Strange bedfellows, indeed.

Meanwhile, as all of this dust is rising in the center of town, Chuck Surack is transforming Fort Wayne one employee, one project at a time. More than the creation of Sweetwater Sound, a world-class music equipment business in Fort Wayne, he has brought to the city from all corners of the country hundreds of young eager-beaver musicians and technicians who are making their own impact on Fort Wayne by reinvigorating the arts community, buying homes and joining the organizational fabric. Additionally, Surack’s lifeline to the Clyde Theater project has added a remarkable new music venue to the city. Beyond that he and his wife are major donors to dozens of organizations, including the Philharmonic, and direct a foundation that supports local projects. This is the untold story of economic development when done right…
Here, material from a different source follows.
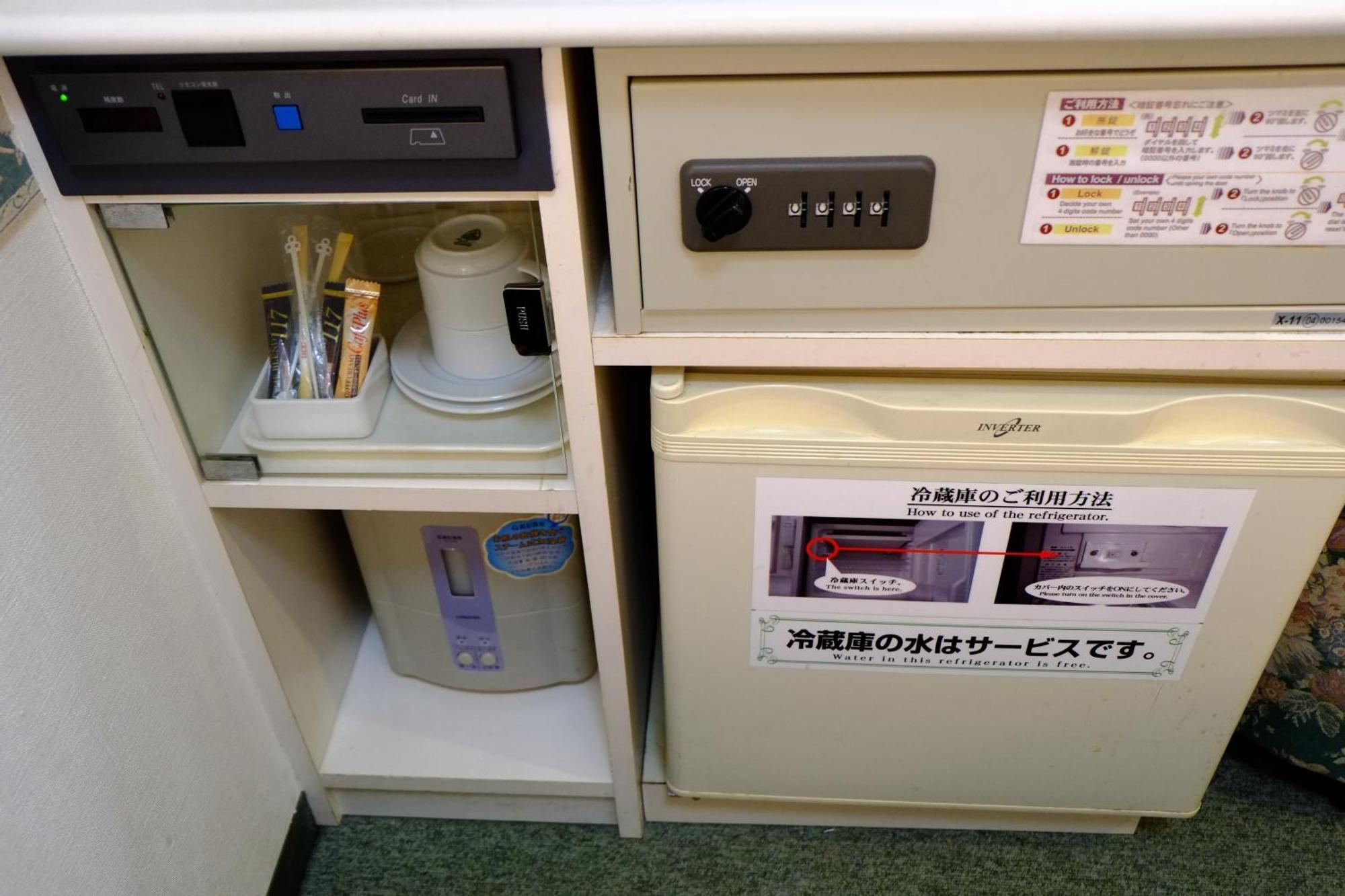 Hotell Check In Shimbashi 2*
When done wrong you have killings in alleys and shootings in church parking lots. The city’s southeast side, once a cradle of young, industrious families, flourished when Magnavox, Harvester and Zollner were cranking out products for the world. When Harvester closed in the early 1980s the area suffered a transformation from tidy family homes to chopped up rentals. The area was all but abandoned by city fathers, so for decades folkS had little opportunity or expectations of a magna cum laude future. Sing it Janis: “If you have nothing you have nothing to lose.” The violence, again on the rise, is spontaneous, random, and comes from frustration. While it is wonderful that the old Coke plant on Pontiac is being redeveloped as quality housing, but it would be even better if a new bottling plant were to open in the area offering jobs, benefits, and a way to build that share of the American dream. If you got nothing, you got nothing to lose; if you have hope you have a stake in economic development.
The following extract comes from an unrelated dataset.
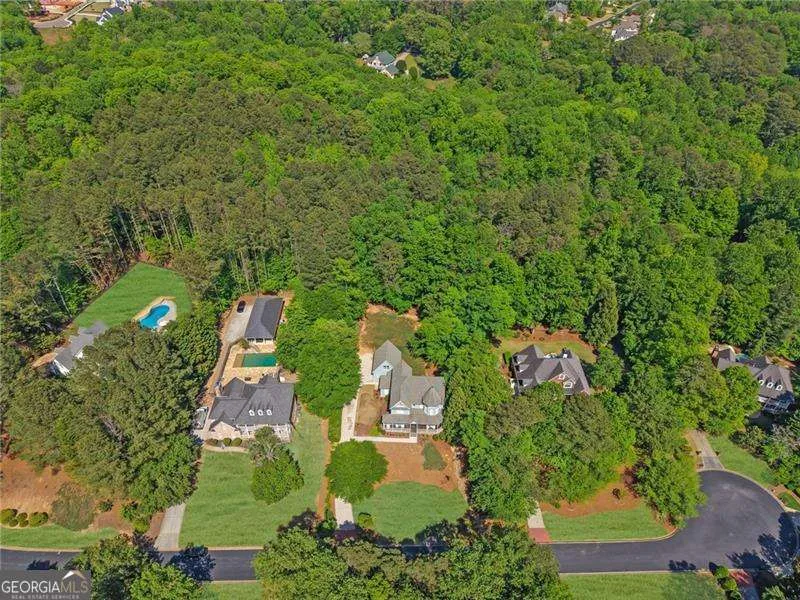 360 Coach House LN Milton, GA 30004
The tide of hope is ebbing for Red River. The garbage collection company has not been up to the task of municipal refuse collection and recycling in this the first year of their contract. Every day their system leaves scores of missed bins. 311 gets a daily earful. Residents have torched the ears of their councilmen to the point where fines and a loss of the contract are approaching the table. Sometimes, it seems, the lowest bid is not the best bid.